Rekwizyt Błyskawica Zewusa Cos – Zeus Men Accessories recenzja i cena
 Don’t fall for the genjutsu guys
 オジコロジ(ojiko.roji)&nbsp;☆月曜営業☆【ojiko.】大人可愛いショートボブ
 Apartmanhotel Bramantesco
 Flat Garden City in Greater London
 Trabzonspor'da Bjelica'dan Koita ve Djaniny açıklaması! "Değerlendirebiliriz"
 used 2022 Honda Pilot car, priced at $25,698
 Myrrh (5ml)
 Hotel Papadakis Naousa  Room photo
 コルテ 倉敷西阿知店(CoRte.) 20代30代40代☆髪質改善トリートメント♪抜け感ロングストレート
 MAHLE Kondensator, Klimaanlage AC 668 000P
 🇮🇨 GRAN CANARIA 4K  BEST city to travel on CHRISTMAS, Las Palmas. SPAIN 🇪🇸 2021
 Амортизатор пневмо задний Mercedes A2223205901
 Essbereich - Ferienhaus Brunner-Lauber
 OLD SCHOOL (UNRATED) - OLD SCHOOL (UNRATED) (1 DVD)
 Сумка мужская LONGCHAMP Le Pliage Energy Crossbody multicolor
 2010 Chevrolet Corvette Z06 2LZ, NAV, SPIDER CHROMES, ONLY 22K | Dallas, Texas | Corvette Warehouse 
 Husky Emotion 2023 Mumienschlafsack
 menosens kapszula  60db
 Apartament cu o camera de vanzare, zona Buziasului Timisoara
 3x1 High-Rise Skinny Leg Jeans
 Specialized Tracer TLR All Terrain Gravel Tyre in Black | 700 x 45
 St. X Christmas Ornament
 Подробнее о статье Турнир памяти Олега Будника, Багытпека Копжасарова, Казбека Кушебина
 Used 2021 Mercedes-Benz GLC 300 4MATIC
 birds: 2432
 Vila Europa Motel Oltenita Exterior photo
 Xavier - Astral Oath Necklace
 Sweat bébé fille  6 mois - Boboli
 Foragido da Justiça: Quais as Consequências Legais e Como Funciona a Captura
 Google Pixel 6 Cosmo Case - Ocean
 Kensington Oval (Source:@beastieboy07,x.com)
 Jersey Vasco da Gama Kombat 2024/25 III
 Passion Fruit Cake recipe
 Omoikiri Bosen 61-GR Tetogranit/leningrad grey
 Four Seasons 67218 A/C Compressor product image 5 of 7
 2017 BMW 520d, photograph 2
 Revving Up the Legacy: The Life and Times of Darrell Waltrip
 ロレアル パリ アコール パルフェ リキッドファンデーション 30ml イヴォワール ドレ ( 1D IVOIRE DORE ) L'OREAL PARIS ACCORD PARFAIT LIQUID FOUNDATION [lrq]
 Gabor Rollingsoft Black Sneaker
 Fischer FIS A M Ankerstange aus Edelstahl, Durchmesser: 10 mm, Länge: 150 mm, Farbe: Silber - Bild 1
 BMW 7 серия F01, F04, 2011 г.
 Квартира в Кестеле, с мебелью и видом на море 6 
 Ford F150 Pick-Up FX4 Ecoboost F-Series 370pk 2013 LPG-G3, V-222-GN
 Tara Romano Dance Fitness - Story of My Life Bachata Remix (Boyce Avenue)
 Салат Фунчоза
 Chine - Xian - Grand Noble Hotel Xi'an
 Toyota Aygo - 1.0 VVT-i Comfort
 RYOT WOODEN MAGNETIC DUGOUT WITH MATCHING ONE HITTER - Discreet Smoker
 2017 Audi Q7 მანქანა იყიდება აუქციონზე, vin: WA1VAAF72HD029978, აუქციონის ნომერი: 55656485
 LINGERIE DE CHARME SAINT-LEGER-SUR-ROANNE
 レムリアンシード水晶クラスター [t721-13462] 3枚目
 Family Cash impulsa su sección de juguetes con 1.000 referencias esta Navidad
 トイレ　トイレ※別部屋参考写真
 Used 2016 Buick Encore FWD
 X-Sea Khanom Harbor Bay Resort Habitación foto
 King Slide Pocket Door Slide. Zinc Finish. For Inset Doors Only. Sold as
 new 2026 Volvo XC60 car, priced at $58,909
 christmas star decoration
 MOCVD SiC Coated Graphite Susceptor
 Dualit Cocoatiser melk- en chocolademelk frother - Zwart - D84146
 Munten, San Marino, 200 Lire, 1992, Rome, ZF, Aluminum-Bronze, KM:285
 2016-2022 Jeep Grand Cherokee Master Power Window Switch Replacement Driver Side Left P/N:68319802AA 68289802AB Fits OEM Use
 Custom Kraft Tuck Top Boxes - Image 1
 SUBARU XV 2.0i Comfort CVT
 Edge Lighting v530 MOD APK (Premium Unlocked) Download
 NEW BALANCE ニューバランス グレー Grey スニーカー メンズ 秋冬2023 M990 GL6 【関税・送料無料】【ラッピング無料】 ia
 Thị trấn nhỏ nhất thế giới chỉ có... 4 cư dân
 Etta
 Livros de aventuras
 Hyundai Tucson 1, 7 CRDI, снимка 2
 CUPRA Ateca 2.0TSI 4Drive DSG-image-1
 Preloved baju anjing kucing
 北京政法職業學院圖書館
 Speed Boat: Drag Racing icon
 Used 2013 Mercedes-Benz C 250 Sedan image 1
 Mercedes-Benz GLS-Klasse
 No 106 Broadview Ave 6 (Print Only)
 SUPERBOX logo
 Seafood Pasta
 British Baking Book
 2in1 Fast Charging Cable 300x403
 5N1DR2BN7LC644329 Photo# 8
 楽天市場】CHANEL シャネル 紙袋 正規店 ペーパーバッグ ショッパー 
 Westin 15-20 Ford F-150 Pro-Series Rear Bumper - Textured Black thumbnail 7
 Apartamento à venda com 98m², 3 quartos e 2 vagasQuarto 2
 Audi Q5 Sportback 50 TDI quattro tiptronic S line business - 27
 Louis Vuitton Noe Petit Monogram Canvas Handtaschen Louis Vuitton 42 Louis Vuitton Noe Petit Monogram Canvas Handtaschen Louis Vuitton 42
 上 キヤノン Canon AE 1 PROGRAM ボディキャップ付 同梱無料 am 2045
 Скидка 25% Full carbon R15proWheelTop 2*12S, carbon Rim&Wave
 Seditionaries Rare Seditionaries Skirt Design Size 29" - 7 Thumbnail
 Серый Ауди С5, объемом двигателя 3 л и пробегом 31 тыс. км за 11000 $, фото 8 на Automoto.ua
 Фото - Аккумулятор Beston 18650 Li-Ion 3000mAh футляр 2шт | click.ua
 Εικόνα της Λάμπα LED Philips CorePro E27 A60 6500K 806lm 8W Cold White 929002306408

▬▬▬▬▬▬▬▬▬▬

Task item -> Looking at the records above, please output exactly the lines that run from the one holding "British Baking Book" to the final line, and only those.

Answer to the problem ->
 British Baking Book
 2in1 Fast Charging Cable 300x403
 5N1DR2BN7LC644329 Photo# 8
 楽天市場】CHANEL シャネル 紙袋 正規店 ペーパーバッグ ショッパー 
 Westin 15-20 Ford F-150 Pro-Series Rear Bumper - Textured Black thumbnail 7
 Apartamento à venda com 98m², 3 quartos e 2 vagasQuarto 2
 Audi Q5 Sportback 50 TDI quattro tiptronic S line business - 27
 Louis Vuitton Noe Petit Monogram Canvas Handtaschen Louis Vuitton 42 Louis Vuitton Noe Petit Monogram Canvas Handtaschen Louis Vuitton 42
 上 キヤノン Canon AE 1 PROGRAM ボディキャップ付 同梱無料 am 2045
 Скидка 25% Full carbon R15proWheelTop 2*12S, carbon Rim&Wave
 Seditionaries Rare Seditionaries Skirt Design Size 29" - 7 Thumbnail
 Серый Ауди С5, объемом двигателя 3 л и пробегом 31 тыс. км за 11000 $, фото 8 на Automoto.ua
 Фото - Аккумулятор Beston 18650 Li-Ion 3000mAh футляр 2шт | click.ua
 Εικόνα της Λάμπα LED Philips CorePro E27 A60 6500K 806lm 8W Cold White 929002306408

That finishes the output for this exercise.